Tentu, tak lupa, kini banyak bangunan masjid baru. Sejak meninggalkan Tanjung Karang menuju Palembang, begitu banyak bangunan masjid baru, yang sedang diselaikan, atau sedang dibangun. Tapi, banyak yang sudah selesai, dan digunakan untuk sholat berjamaah. Bagi mereka yang melakukan shafar (perjalanan), masjid-masjid itu, sangatlah bernilai. Istirahat dan shalat. Terkadang terasa meletihkan perjalanan yang panjang itu. Apalagi, kalau menggunakan kenderaan yang tidak menggunakan pendingin. Terasa melelahkan. Udara panas menyengat di siang hari. Selebihnya, tempat-tempat pengisian bahan bakar, sekarang sudah sangat bagus, konsepnya seperti rata-rata di Eropa. Ada tempat makan, tempat istirahat, dan disertai  tempat sholat.

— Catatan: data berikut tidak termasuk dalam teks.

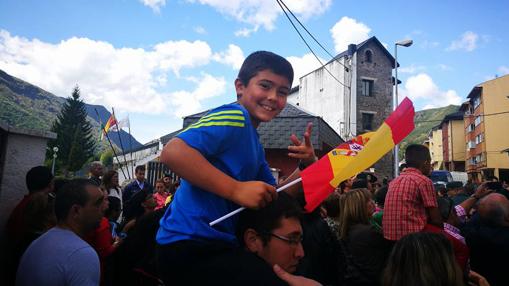 El niño Marcos Arias Sánchez, campeón de España de Alpino en Línea, muestra orgulloso la bandera de España durante la visita del Rey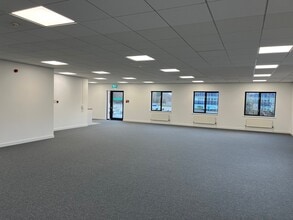 341 Springhill Pky, Baillieston à louer Photo intérieure- Image 2 de 2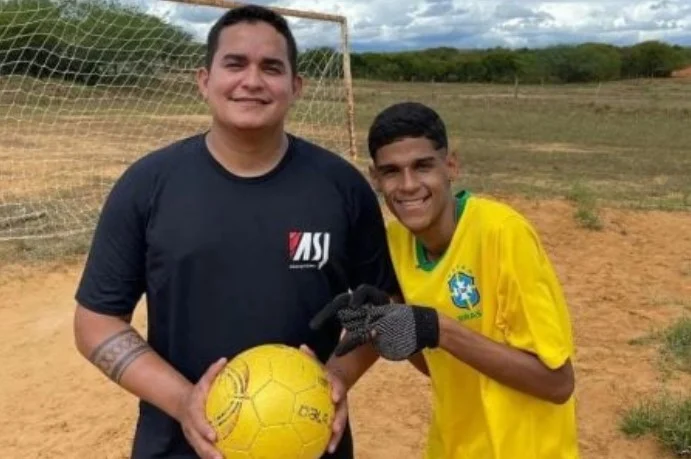 Receba! Ex de Militão aparece em balada ao lado de Luva de Pedreiro 16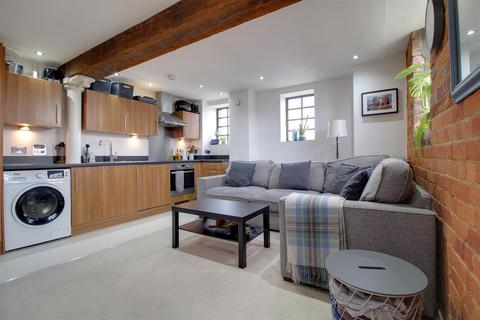 2 bedroom apartment for sale, Lock Warehouse, Severn Road, Gloucester Docks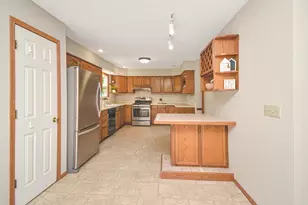 3007 Providence Dr, Bloomington, IL 61704 - Photo 19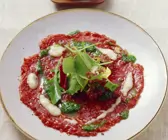 Carpaccio vom Rind mit Bohnencreme und Pesto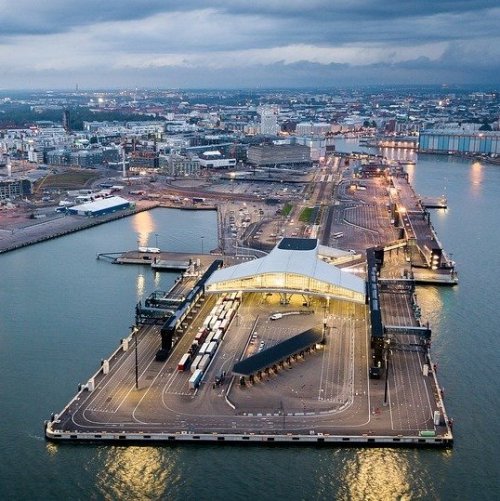 В русском языке до 1926 года официально использовалось шведское название столицы этого государства — Гельсингфорс.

Ketika tiba Palembang menjelang malam. Kotanya hidup. Ramai. Aktivitas manusia luar biasa. Seperti tak pernah henti. Manusia dan kendaraan hilir mudik. Kota Palembang sangat padat. Sekarang kota itu sudah lebih bersih dan indah. Tidak seperti lima belas tahun lalu. Dari Kayu Agung sudah mulai terasa adanya keramaian. Lebih ramai lagi menjelang kota Palembang. Jembatan Sungai Musi, sangat indah di malam hari. Aneka lampu di jembatan Musi, sangat indah di malam hari. Dipinggiran sungai Musi, lampu sangat banyak. Konon, di malam hari, sepanjang sungai Musi, banyak orang-orang berdagang,dan pembelinya, mereka yang ingin menikmati malam hari, dan menggunakan perahu. Indah sekali.

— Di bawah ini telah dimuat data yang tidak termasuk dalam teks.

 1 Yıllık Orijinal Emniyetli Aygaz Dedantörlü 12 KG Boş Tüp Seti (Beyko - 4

Perlahan-lahan keluar dari kota Palembang. Menuju Sungai Lilin. Sepanjang jalan, kehidupan sangat nampak. Begitu ramai. Aktivitas begitu terasa. Kenderaan yang menghubungkan kota Palembang-Jambi, nyaris tanpa putus. Truk, kenderaaan pribadi, bus, serta motor, terus bergerak. Menandakan adanya dinamika yang sangat cepat. Sampai di Sungai Lilin, perubahan sangat terasa. Masih lima belas tahun yang lau, kota kecil itu sangat sepi. Hanya ada beberapa toko, dan sebuah pasar kecil, di seberang sungai. Kini, kota kecil diseberang Sungai Musi Banyuasin itu, sudah sangat berubah. Toko berderet-deret, yang menjual segala aneka barang kebutuhan. Pasar penuh dengan pembeli. Aneka macam dagangan dijejer. Kehidupan tidak sesulit seperti dulu lagi.

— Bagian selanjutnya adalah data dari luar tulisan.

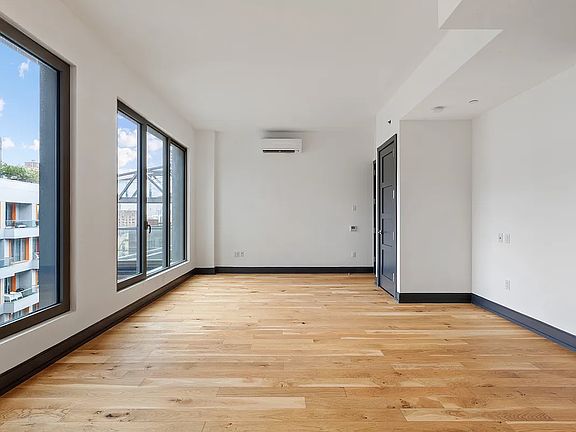 2nd image of 10 Montieth St #856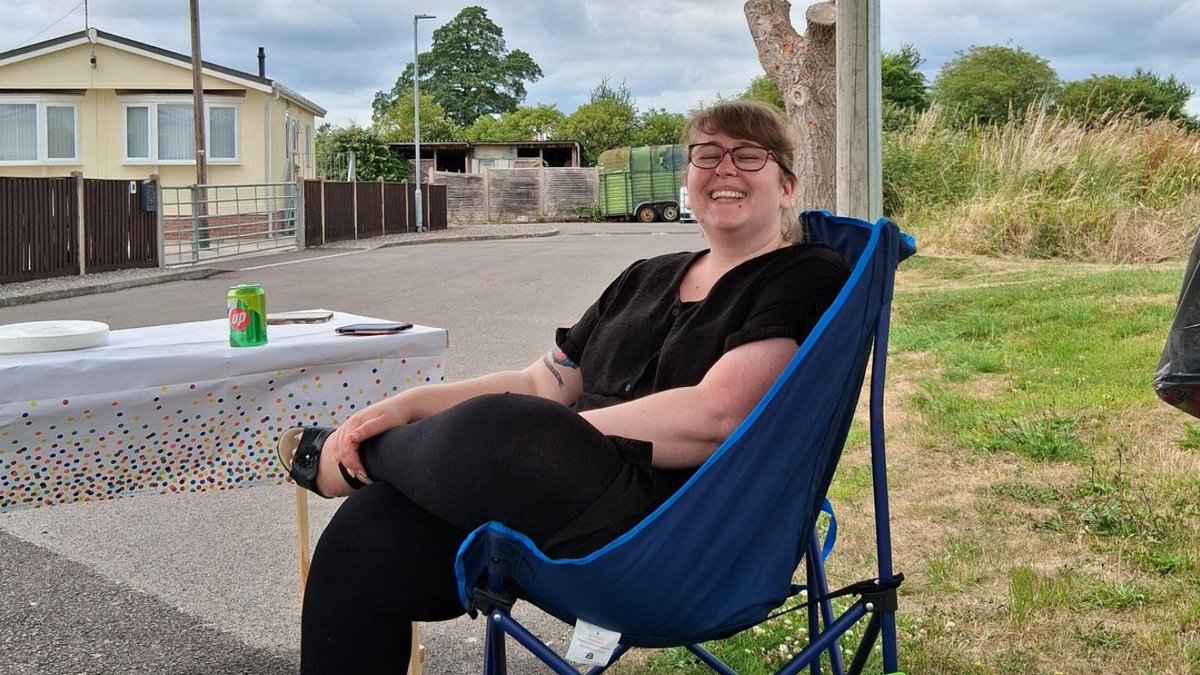 This Gypsy, Roma &amp; Traveller History Month, we teamed with creative group Super Culture to host a circus skills masterclass for young people at Greenfields Way🎪 Marsh Lane residents got stuck in too with a picnic, crafts &amp; stories.🎨

More: bit.ly/4lvVLcR

#GRTHM2025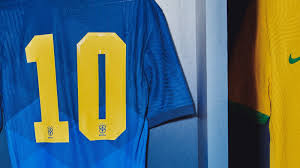 Compondo o uniforme titular da nossa seleção. Selecao Brasileira Nike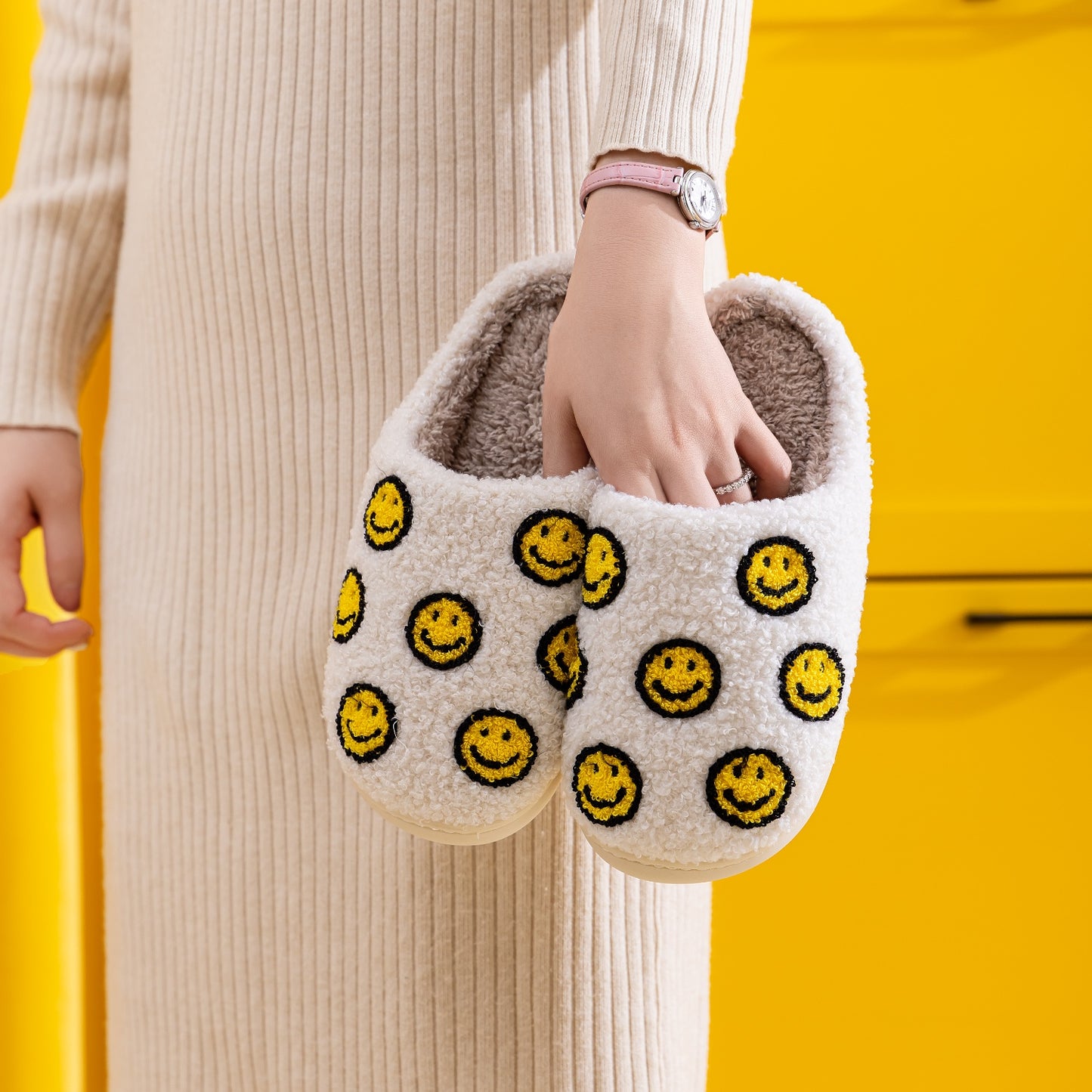Women Melody Smiley Face Slippers NicholesGifts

Jalan antara kota Palembang-Jambi, tak kalah menariknya. Jalan yang panjang menghubungkan kota Palembang-Jambi, berkilau dan halus. Jalan sepanjang hampir 350 kilometer itu, lurus, dan tidak berbelok-belok. Luar biasa. Anehnya jalan itu turun naik. Sepanjang jalan yag dilewati seperti itu. Tak lagi kelihatan gersang. Ketika berkunjung ke kota itu, lima belas tahun lalu, masih sangat gersang, hanya tumbuhan perdu, dan sebagian berupa tanah gambut. Tanpa ada tanaman apa-apa. Sekarang sudah berubah. Kanan kiri jalan sudah berubah menjadi kebun sawit dan karet. Sejauh mata memandang, yang nampak hanya kehijauan, dan tanaman kelapa sawit. Itulah pemandangan di lintas Palembang – Jambi. Memang, kebun-kebun sawit dan karet itu belum tentu milik rakyat. Mungkin milik pengusaha di Jakarta.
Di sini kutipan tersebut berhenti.